#### Information supplied ####
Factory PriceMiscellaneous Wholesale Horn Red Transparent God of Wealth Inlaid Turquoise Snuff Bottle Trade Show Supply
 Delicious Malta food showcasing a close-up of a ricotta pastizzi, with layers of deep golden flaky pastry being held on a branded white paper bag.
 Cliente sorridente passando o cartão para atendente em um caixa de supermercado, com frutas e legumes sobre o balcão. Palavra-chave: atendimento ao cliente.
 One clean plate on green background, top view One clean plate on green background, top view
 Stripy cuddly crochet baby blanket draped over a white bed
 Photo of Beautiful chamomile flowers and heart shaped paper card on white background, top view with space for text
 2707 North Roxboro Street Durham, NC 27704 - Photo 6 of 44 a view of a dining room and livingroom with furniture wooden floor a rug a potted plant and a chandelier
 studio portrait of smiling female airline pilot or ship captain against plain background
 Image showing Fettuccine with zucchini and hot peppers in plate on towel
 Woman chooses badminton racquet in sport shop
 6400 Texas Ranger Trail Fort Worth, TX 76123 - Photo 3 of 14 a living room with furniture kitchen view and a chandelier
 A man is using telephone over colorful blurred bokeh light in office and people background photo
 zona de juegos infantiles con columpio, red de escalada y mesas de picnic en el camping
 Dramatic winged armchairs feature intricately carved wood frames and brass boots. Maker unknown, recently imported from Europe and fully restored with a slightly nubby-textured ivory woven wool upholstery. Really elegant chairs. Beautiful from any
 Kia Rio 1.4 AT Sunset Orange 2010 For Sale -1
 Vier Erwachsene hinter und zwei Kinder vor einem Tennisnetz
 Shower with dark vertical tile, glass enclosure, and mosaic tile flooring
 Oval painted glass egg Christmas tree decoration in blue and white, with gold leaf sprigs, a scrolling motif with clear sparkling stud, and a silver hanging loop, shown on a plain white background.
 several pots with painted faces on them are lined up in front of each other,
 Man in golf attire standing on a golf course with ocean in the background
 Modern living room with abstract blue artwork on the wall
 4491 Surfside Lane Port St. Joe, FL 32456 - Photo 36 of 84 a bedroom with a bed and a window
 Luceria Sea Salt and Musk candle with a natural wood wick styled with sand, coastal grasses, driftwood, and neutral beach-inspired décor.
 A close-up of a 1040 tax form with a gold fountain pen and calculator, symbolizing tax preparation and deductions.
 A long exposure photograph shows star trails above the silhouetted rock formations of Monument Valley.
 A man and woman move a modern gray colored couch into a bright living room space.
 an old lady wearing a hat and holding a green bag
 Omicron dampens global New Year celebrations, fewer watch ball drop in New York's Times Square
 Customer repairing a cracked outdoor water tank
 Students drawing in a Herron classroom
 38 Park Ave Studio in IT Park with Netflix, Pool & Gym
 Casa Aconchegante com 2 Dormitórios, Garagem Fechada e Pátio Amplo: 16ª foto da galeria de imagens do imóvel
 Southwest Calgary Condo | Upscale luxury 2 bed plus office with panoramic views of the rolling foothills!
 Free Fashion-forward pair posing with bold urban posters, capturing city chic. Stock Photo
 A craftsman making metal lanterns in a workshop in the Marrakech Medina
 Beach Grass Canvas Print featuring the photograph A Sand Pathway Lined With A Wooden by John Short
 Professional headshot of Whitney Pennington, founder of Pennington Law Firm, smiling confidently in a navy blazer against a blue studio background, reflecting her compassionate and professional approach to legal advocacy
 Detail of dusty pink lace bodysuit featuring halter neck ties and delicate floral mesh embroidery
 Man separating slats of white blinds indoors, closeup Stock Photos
####
**Exercise aim**
In the data above, retype exactly and only the lines between the one holding "Casa Aconchegante com" and the one holding "Free Fashion-forward pair", inclusive.

**Answer for this exercise**
 Casa Aconchegante com 2 Dormitórios, Garagem Fechada e Pátio Amplo: 16ª foto da galeria de imagens do imóvel
 Southwest Calgary Condo | Upscale luxury 2 bed plus office with panoramic views of the rolling foothills!
 Free Fashion-forward pair posing with bold urban posters, capturing city chic. Stock Photo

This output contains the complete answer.